-- The problem --
Exactly those lines running from the one containing "Commercial Building for Rent" to the end of the material are to be printed, and no others.
━━━━━━━━━━━━━━━━━━━━
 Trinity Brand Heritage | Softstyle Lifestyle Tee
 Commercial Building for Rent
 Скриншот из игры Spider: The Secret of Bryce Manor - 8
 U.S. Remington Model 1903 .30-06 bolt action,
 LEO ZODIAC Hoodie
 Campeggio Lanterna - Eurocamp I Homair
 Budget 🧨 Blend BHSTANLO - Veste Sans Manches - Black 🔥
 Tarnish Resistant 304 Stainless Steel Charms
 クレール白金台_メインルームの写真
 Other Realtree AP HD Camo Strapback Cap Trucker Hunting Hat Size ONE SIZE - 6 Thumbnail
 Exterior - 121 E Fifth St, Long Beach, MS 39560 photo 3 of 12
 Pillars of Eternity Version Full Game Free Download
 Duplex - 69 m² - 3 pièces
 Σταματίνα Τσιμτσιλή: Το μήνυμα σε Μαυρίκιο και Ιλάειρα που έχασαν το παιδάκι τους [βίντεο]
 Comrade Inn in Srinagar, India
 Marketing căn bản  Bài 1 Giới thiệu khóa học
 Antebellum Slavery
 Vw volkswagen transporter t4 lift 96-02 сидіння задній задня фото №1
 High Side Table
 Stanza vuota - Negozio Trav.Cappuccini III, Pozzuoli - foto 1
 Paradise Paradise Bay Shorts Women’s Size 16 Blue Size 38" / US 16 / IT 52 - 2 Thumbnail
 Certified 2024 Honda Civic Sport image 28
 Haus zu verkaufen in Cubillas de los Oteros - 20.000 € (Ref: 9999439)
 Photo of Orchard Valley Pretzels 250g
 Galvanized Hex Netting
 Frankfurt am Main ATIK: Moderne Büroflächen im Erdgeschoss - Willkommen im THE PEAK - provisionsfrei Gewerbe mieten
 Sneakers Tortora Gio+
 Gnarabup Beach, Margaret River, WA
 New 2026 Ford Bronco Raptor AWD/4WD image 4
━━━━━━━━━━━━━━━━━━━━
-- Result of this task --
 Commercial Building for Rent
 Скриншот из игры Spider: The Secret of Bryce Manor - 8
 U.S. Remington Model 1903 .30-06 bolt action,
 LEO ZODIAC Hoodie
 Campeggio Lanterna - Eurocamp I Homair
 Budget 🧨 Blend BHSTANLO - Veste Sans Manches - Black 🔥
 Tarnish Resistant 304 Stainless Steel Charms
 クレール白金台_メインルームの写真
 Other Realtree AP HD Camo Strapback Cap Trucker Hunting Hat Size ONE SIZE - 6 Thumbnail
 Exterior - 121 E Fifth St, Long Beach, MS 39560 photo 3 of 12
 Pillars of Eternity Version Full Game Free Download
 Duplex - 69 m² - 3 pièces
 Σταματίνα Τσιμτσιλή: Το μήνυμα σε Μαυρίκιο και Ιλάειρα που έχασαν το παιδάκι τους [βίντεο]
 Comrade Inn in Srinagar, India
 Marketing căn bản  Bài 1 Giới thiệu khóa học
 Antebellum Slavery
 Vw volkswagen transporter t4 lift 96-02 сидіння задній задня фото №1
 High Side Table
 Stanza vuota - Negozio Trav.Cappuccini III, Pozzuoli - foto 1
 Paradise Paradise Bay Shorts Women’s Size 16 Blue Size 38" / US 16 / IT 52 - 2 Thumbnail
 Certified 2024 Honda Civic Sport image 28
 Haus zu verkaufen in Cubillas de los Oteros - 20.000 € (Ref: 9999439)
 Photo of Orchard Valley Pretzels 250g
 Galvanized Hex Netting
 Frankfurt am Main ATIK: Moderne Büroflächen im Erdgeschoss - Willkommen im THE PEAK - provisionsfrei Gewerbe mieten
 Sneakers Tortora Gio+
 Gnarabup Beach, Margaret River, WA
 New 2026 Ford Bronco Raptor AWD/4WD image 4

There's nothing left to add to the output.